Abstraction (Paris)

Artiste choisi : Pieter Cornelis Mondriaan, dit Piet Mondrian (1872-1944)

Pieter Cornelis Mondriaan naît à Amersfoort (Pays-Bas) en 1872. C’est par son oncle, qui est peintre impressionniste, qu’il fait ses premiers pas dans l’art. Il commence une carrière de professeur de dessin en école primaire et secondaire.

En 1893, il intègre l’Académie des Beaux-Arts d’Amsterdam. Ses premières œuvres sont des natures mortes et des paysages influencés par le naturalisme. Cependant, il n’y trouve pas son compte et se met à réfléchir, pendant vingt ans, sur une nouvelle définition de la peinture. Durant cette période, il réalise des tableaux ésotériques, dont la racine est, cette fois, le symbolisme et le peintre Jan Toorop ; il simplifie la structure de son œuvre, et passe par la touche divisionniste pour le traitement de la couleur. Il explore également le fauvisme, emprunté à l’artiste néerlandais Van Dongen, installé à Paris. Mondrian se rend dans la capitale en 1912.

C’est à Paris qu’il découvre le cubisme, mouvement qui aboutit vite à l’abstraction (cf. question du traitement de l’espace sur une toile). L’abstraction le conduit à rationnaliser son art et à rompre avec la relation entre peinture et réalité. Dès lors, Mondrian adopte le principe des lignes noires (différents angles de la réalité chez les cubistes), résultat du dépouillement de la ligne droite et de la décomposition de la forme.

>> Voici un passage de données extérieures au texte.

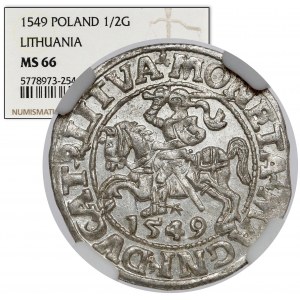 Zygmunt II August, Półgrosz Wilno 1549 - PIĘKNY
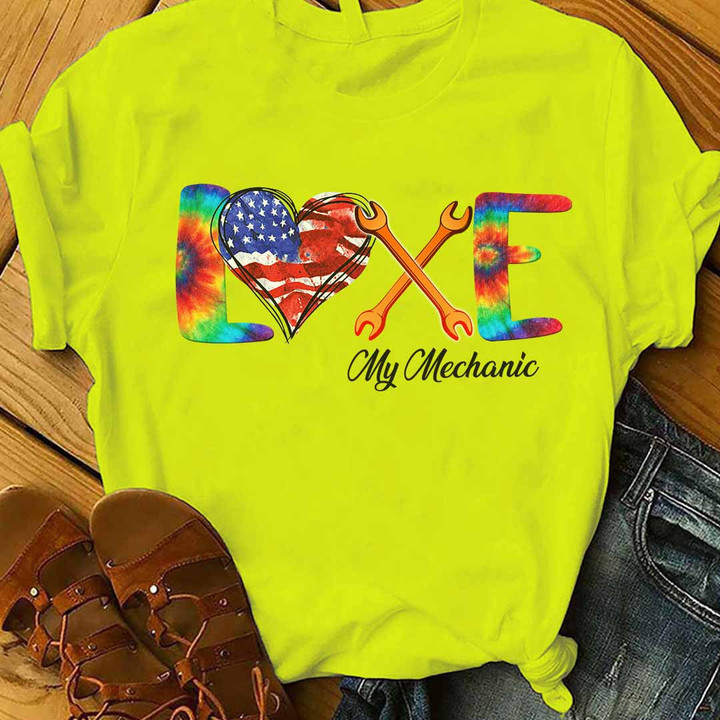 Neon yellow t-shirt with tie dye heart and wrench design, perfect for mechanics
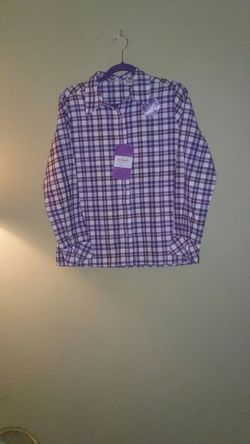 COLLECTION (sz S) SHIRT TOP BLOUSE Purple PLAID Long SLEEVE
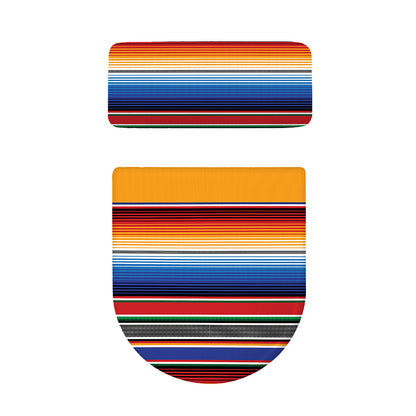 Ethnic Serape Blanket Stripe Print Toilet Lid And Tank Cover Set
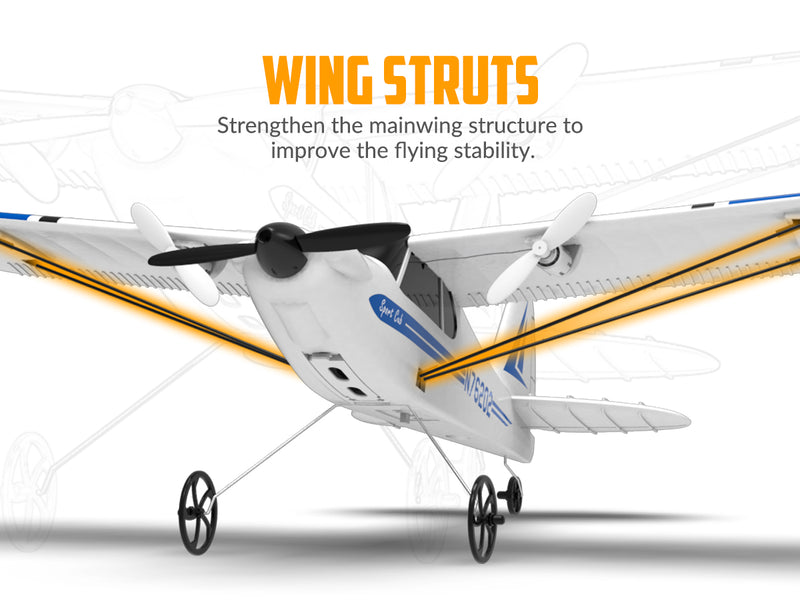 VOLANTEXRC Sport Cub S2 RC Flugzeug mit Gyro-Stabilisierungssystem Flugbereit für Anfänger 2-CH Ferngesteuertes Flugzeug RTF (762-2)
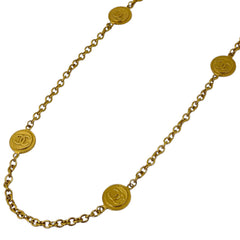 シャネル ココマーク チェーン ネックレス ロング 2連 コイン ネックレス GP ゴールド レディース 【中古】brbag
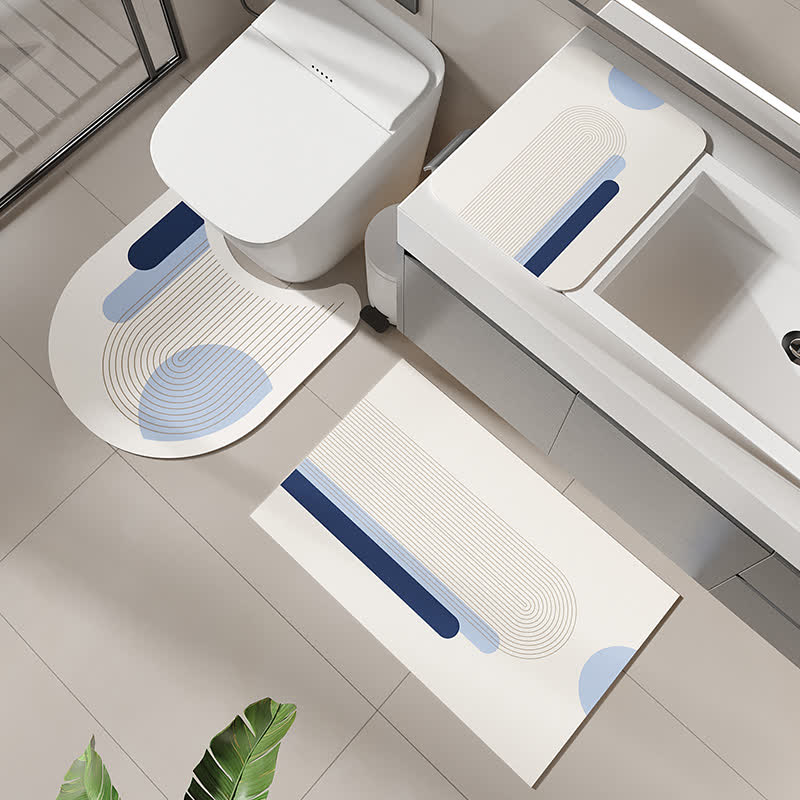 Tapis de bain simple, moderne et antidérapant en boue de diatomées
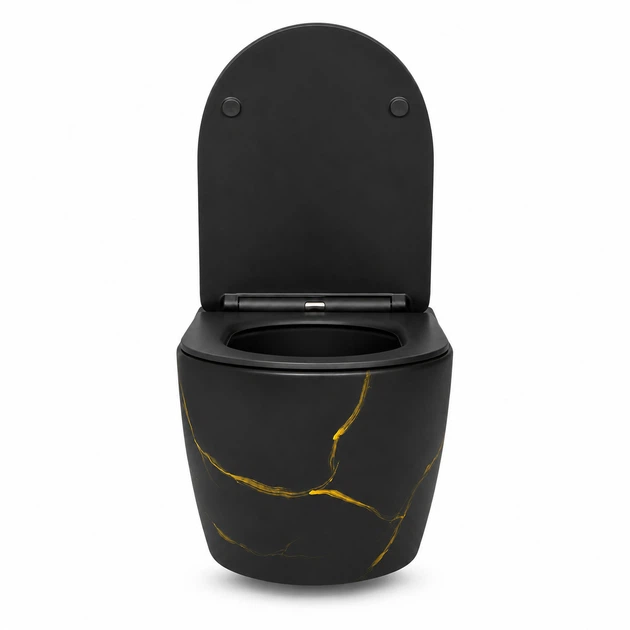 Подвесной унитаз VBI VULCANO BLACK MARBLE MATT TORNADO - изображение 3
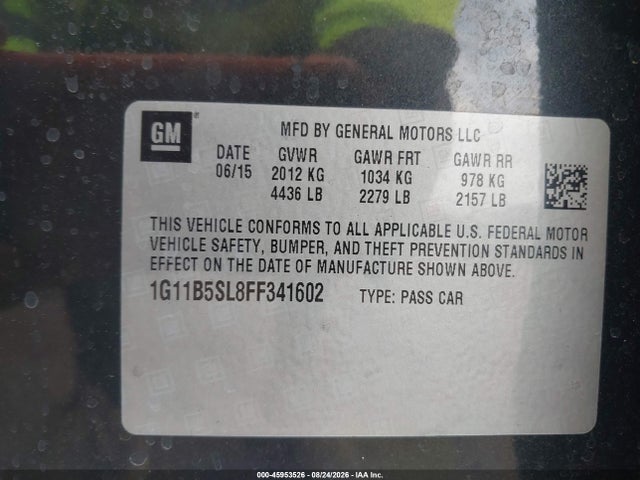 Chevrolet MALIBU LS 2015 1G11B5SL8FF341602 Image 9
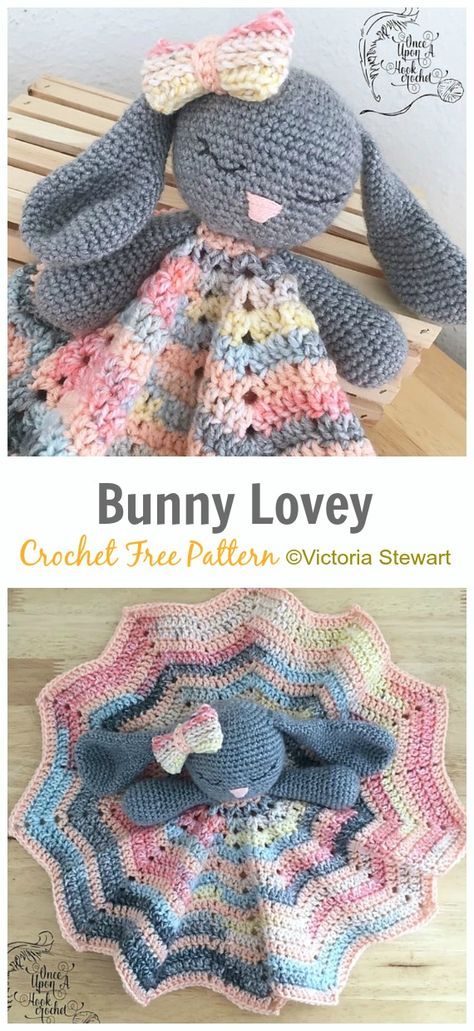 Bunny Lovey Crochet Free Pattern- Baby #Lovey; #Blanket; Security Comforter Free #Crochet; Patterns Corak Krusye, Baby Lovey Blanket, Crochet Lovey Free Pattern, Crochet Quotes, Crochet Security Blanket, Lovey Crochet, Bunny Lovey, Lovey Pattern, Crochet Lovey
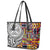 Niue Hiapo and Maori Decoration Tattoos Leather Tote Bag - Polynesian Pride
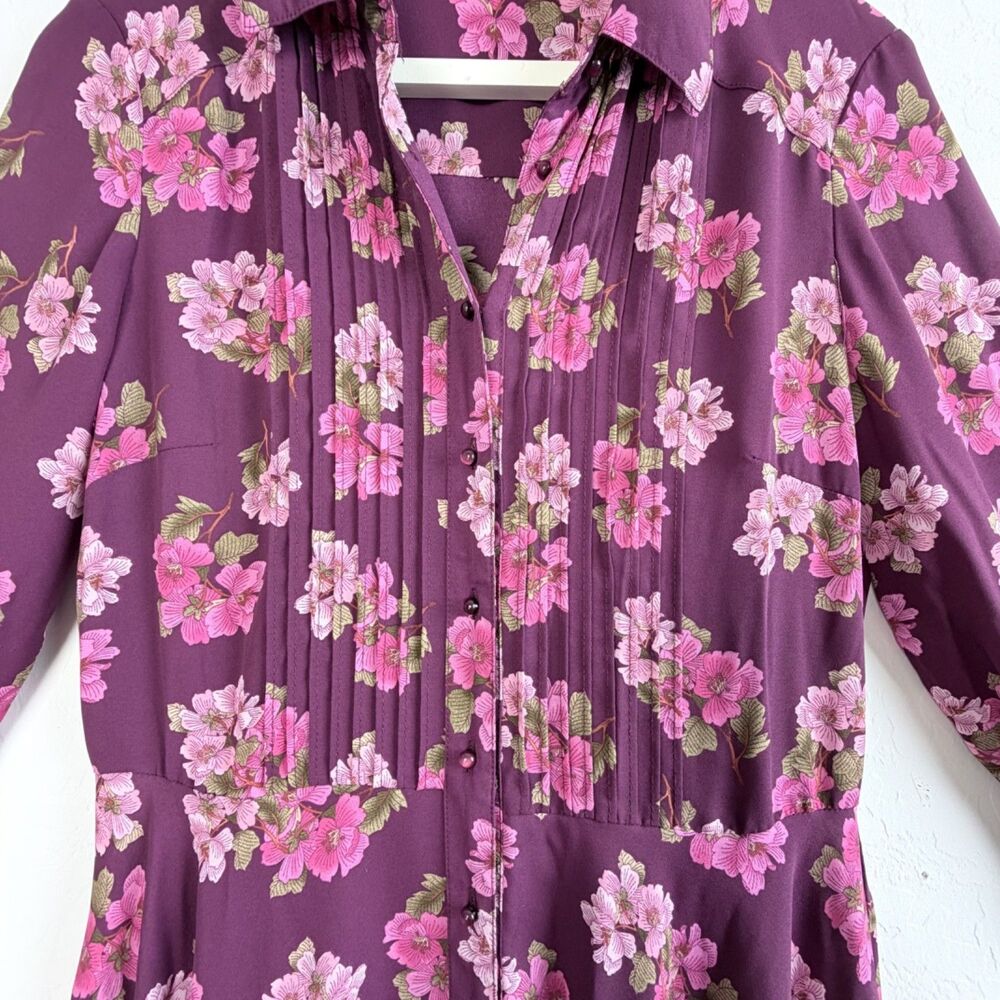 Nanette Lepore Burgundy Floral Button Front Long Sleeve Dress 4 Button Cuff Sz 8 - Picture 5 of 6
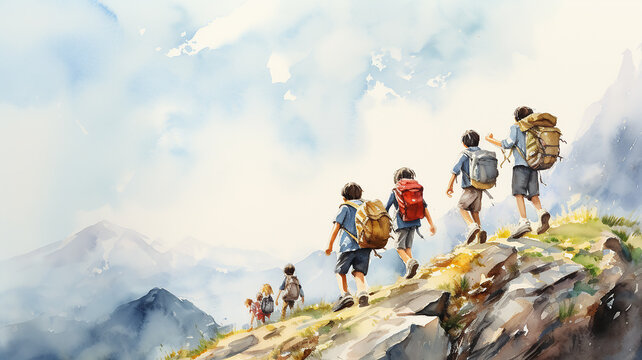 a row of children with backpacks view from the back against a white sky banner poster watercolor painting design back to school camp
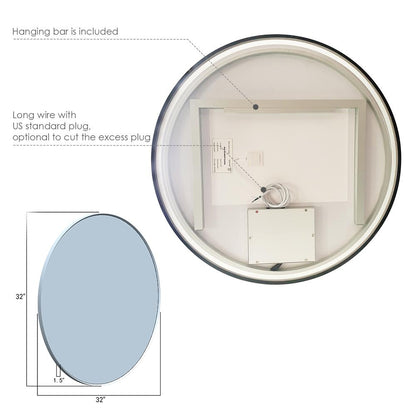 Framed in Matt Black Modern Bathroom/Vanity LED Lighted Wall Mirror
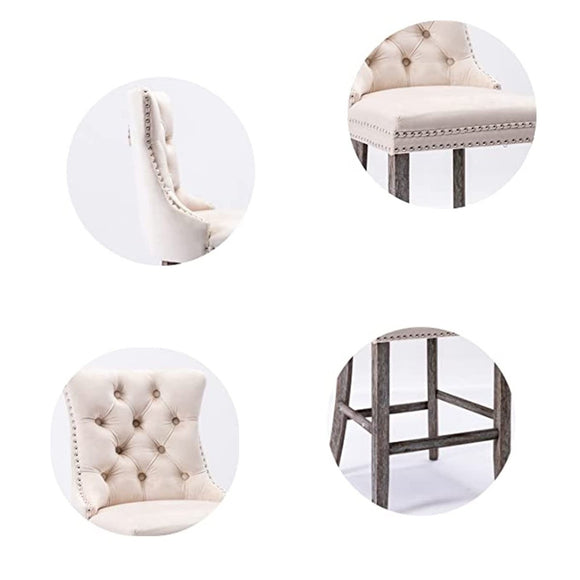 6X Velvet Bar Stools with Studs Trim Wooden Legs Tufted Dining Chairs Kitchen - RnR Galore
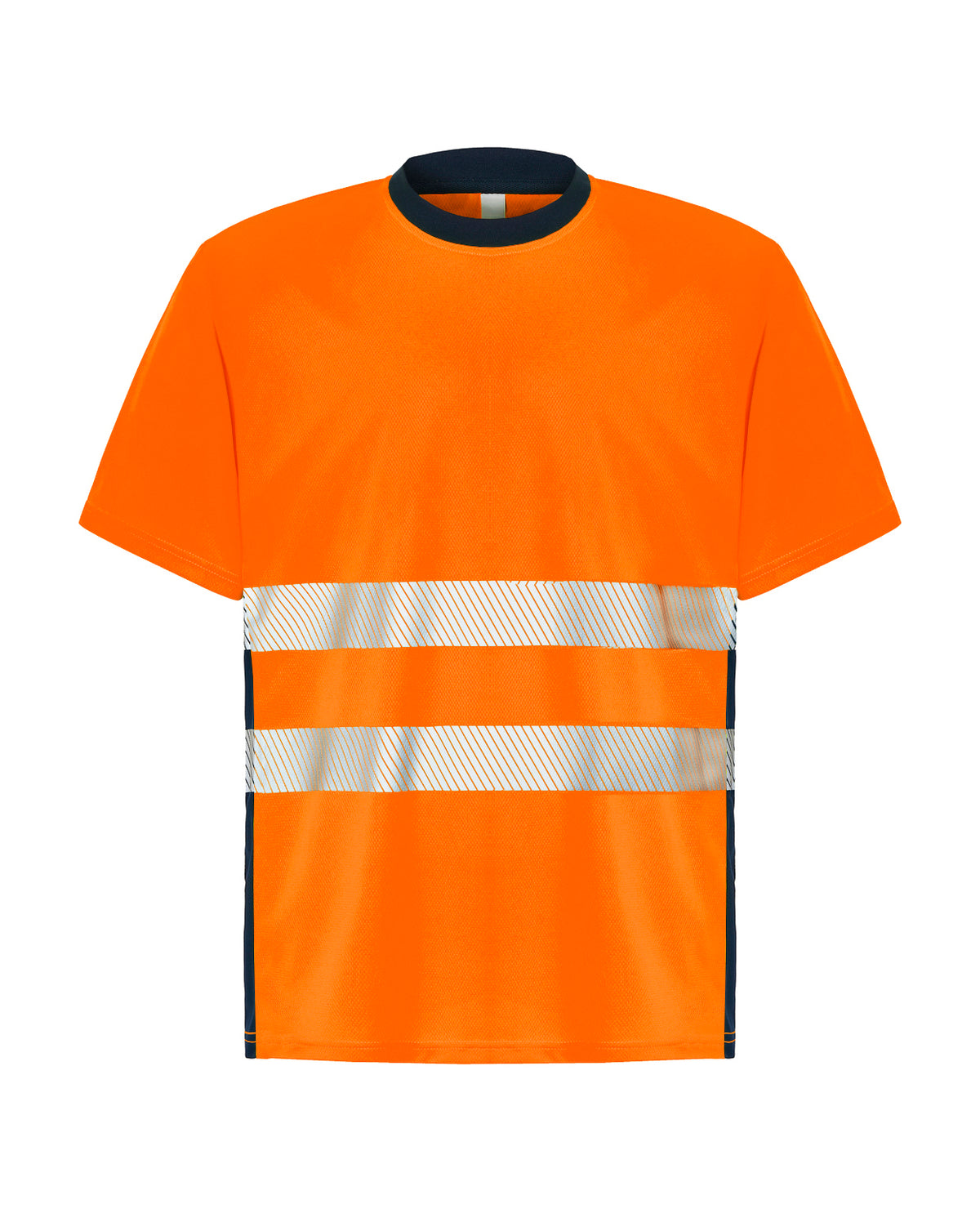 Camiseta Técnica Manga Corta - Navy - Orange Fluor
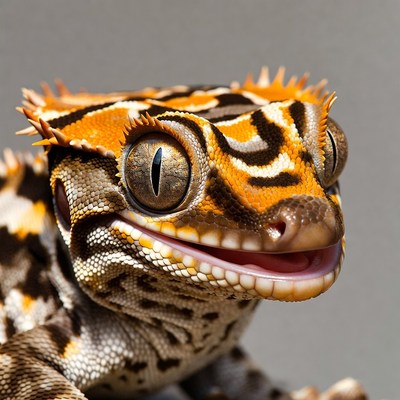 Crested Gecko with Orange Crest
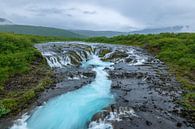 The Brúarárfoss or Brúarfoss waterfall Iceland by Menno Schaefer thumbnail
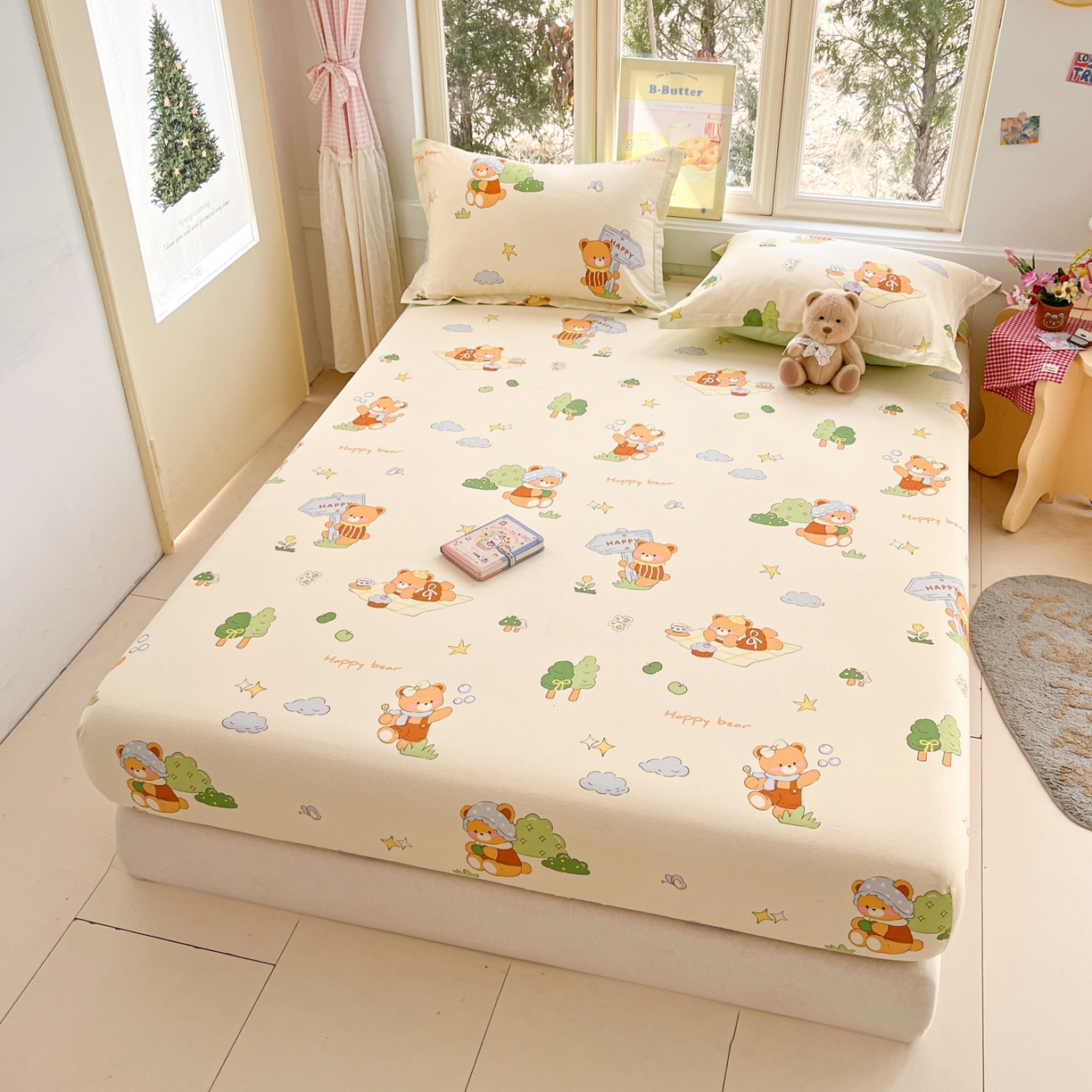 91家纺网 家纺一手货源 找家纺 莱通家纺 2026春夏新款12868全棉印花四件套单品系列二-单床笠 野炊小熊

En 1914, retourné aux Pays-Bas, il doit y rester à cause de la guerre. On assiste, durant cette période, à l’aboutissement, au renouveau de l’abstraction découverte à Paris. En 1917, sa composition, de forme mathématique, définit les éléments : carrés de couleurs primaires sur un fond blanc, à l’intérieur de lignes noires croisées. Il appellera ce principe le « néo-plasticisme », dont il explique les fondamentaux dans un manifeste daté de 1920. Mondrian y travaillera jusqu’à son décès en 1944, à New York.

 

Notice d’œuvre : Composition II avec rouge, jaune et bleu, Piet Mondrian

1930 ; huile sur toile

45 x 45 cm

Zurich, Kunsthaus

 

On remarque ici la réduction d’une réalité à ses deux fondamentaux : forme (carrés, rectangles) et couleur (rouge, bleu, jaune, blanc, noir).

Son œuvre est en fait peinte sur l’idée de la mathématique plastique, propre à l’école théosophique hollandaise, dont Mondrian a fait partie. D’après l’artiste lui-même, l’horizontalité et la verticalité des lignes évoquent « deux forces opposées, dont l’action réciproque constitue la vie ». De plus, elles constituent l’équilibre de la nature.

Art, esprit et matière se fusionnent en une harmonie qui est la base du néo-plasticisme ; l’essence spirituelle de la vie est suggérée.